--- EXERCISE DETAILS ---
Your copy should match the listing below exactly, except that it holds no images.

--- DATASET SECTION ---
Start of Block

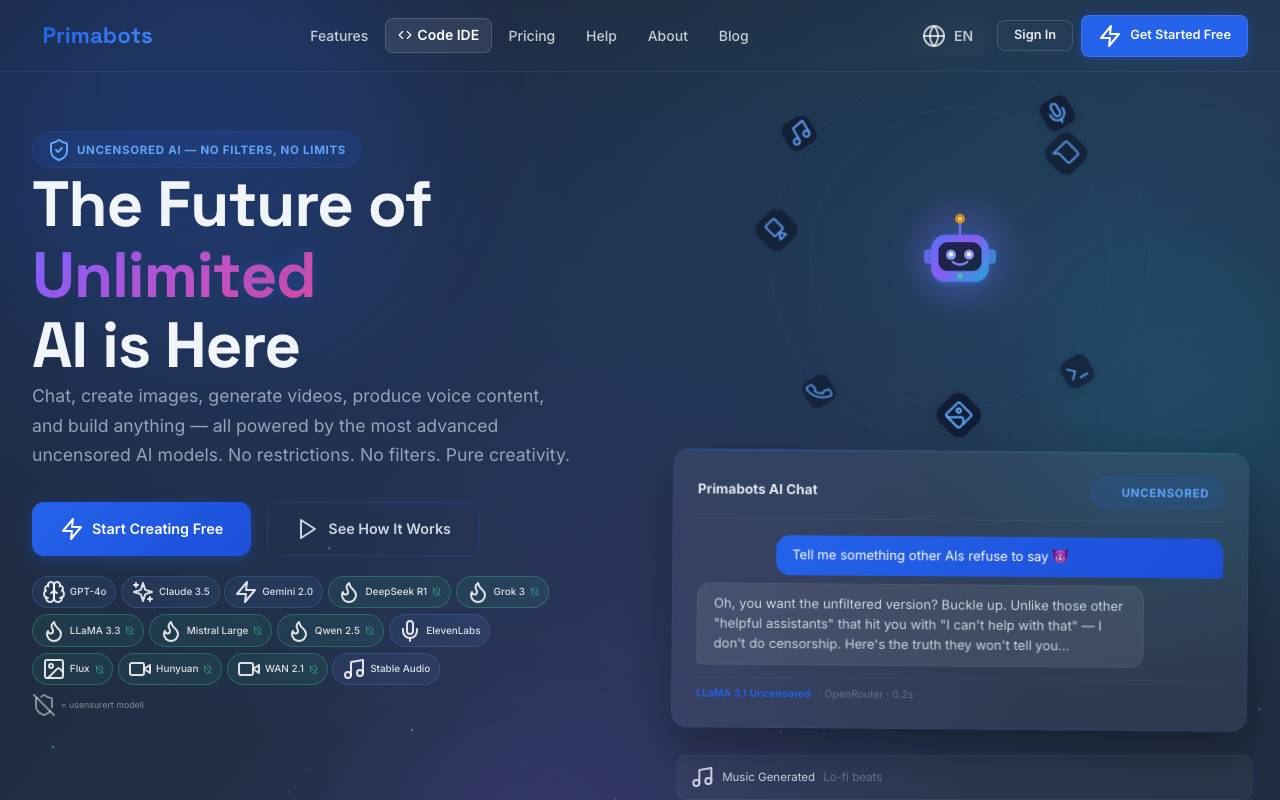 primaBots website preview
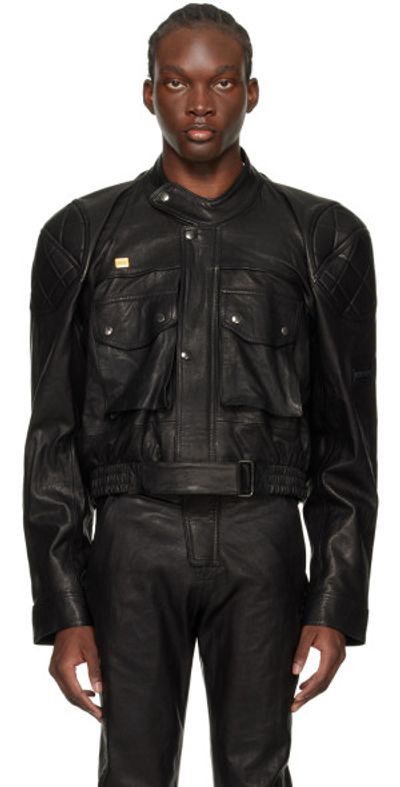 Martine Rose Black Cropped Leather Jacket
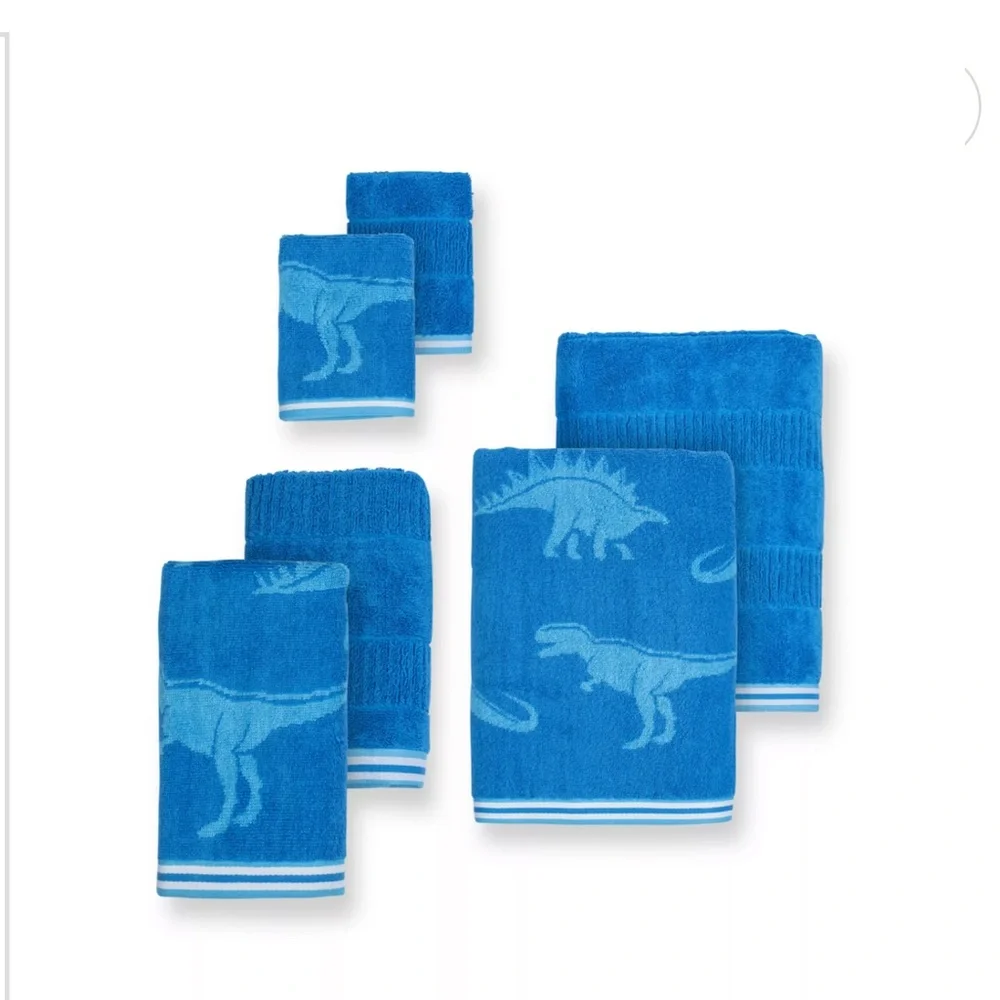 6pc CARO HOME 100% Cotton Blue Dinosaur Design Bath Towel Set Bundle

End of Block

--- REPLY TO THE EXERCISE ---
 primaBots website preview
 Martine Rose Black Cropped Leather Jacket
 6pc CARO HOME 100% Cotton Blue Dinosaur Design Bath Towel Set Bundle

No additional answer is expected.